15. Oktober 2024

Irrweg der Moderne – für eine kritische Auseinandersetzung mit dem Bauhaus

Antrag vom 15. Okto­ber 2024

Druck­sa­che 8/4681 (2 S.)

Kurz­be­schrei­bung:

Ange­sichts des Dop­pel­ju­bi­lä­ums des UNESCO-Welt­kul­tur­er­bes Bau­haus in den Jah­ren 2025 und 2026 for­dert die AfD-Frak­ti­on in ihrem Antrag die Lan­des­re­gie­rung dazu auf, das Bau­haus-Erbe als kunst­ge­schicht­li­ches und his­to­ri­sches Phä­no­men zu wür­di­gen, dabei jedoch eine ein­sei­ti­ge Glo­ri­fi­zie­rung der Bau­haus-Bewe­gung zu unter­las­sen. Statt­des­sen soll in einer kri­ti­schen Aus­ein­an­der­set­zung ein seriö­ses und kul­tur­ge­schicht­li­ches Gesamt­bild auf­ge­stellt wer­den, das alle Aspek­te des Bau­hau­ses beleuch­tet.

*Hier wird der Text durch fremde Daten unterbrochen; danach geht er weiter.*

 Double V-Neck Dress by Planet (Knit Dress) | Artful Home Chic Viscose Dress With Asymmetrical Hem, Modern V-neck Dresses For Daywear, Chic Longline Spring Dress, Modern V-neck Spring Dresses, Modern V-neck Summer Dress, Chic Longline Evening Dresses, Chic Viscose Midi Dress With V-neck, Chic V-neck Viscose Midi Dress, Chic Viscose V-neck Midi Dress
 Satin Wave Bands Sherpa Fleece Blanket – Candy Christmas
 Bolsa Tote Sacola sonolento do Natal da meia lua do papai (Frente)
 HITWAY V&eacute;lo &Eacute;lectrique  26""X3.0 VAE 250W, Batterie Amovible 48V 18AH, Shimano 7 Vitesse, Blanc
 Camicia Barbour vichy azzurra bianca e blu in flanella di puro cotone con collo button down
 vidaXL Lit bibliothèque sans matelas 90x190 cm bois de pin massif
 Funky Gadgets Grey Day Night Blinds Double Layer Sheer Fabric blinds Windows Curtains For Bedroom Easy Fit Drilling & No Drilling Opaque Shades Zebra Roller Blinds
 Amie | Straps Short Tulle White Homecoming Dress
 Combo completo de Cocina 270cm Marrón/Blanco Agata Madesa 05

Die kon­zep­tio­nel­le Aus­rich­tung des 100-jäh­ri­gen Jubi­lä­ums der Bau­haus­schu­le am Stand­ort Des­sau in den Jah­ren 2025/26 soll unter die­sem Aspekt wis­sen­schaft­lich neu bewer­tet und ent­spre­chend in das Aus­stel­lungs­kon­zept ein­ge­ar­bei­tet werden.

Antrag:

Irr­weg der Moder­ne – für eine kri­ti­sche Aus­ein­an­der­set­zung mit dem Bauhaus

Der Land­tag wol­le beschließen:

I. Der Land­tag von Sach­sen-Anhalt stellt fest:

Das Dop­pel­ju­bi­lä­um des UNESCO-Welt­kul­tur­er­bes Bau­haus in den Jah­ren 2025 und 2026 ist als kunst­ge­schicht­li­ches und his­to­ri­sches Phä­no­men zu wür­di­gen. In die­sem Zusam­men­hang ist eine ein­sei­ti­ge Glo­ri­fi­zie­rung des Bau­haus-Erbes jedoch abzu­leh­nen und statt­des­sen in einer kri­ti­schen Aus­ein­an­der­set­zung ein seriö­ses und kul­tur­ge­schicht­li­ches Gesamt­bild auf­zu­stel­len, die alle Aspek­te des Bau­hau­ses beleuchtet.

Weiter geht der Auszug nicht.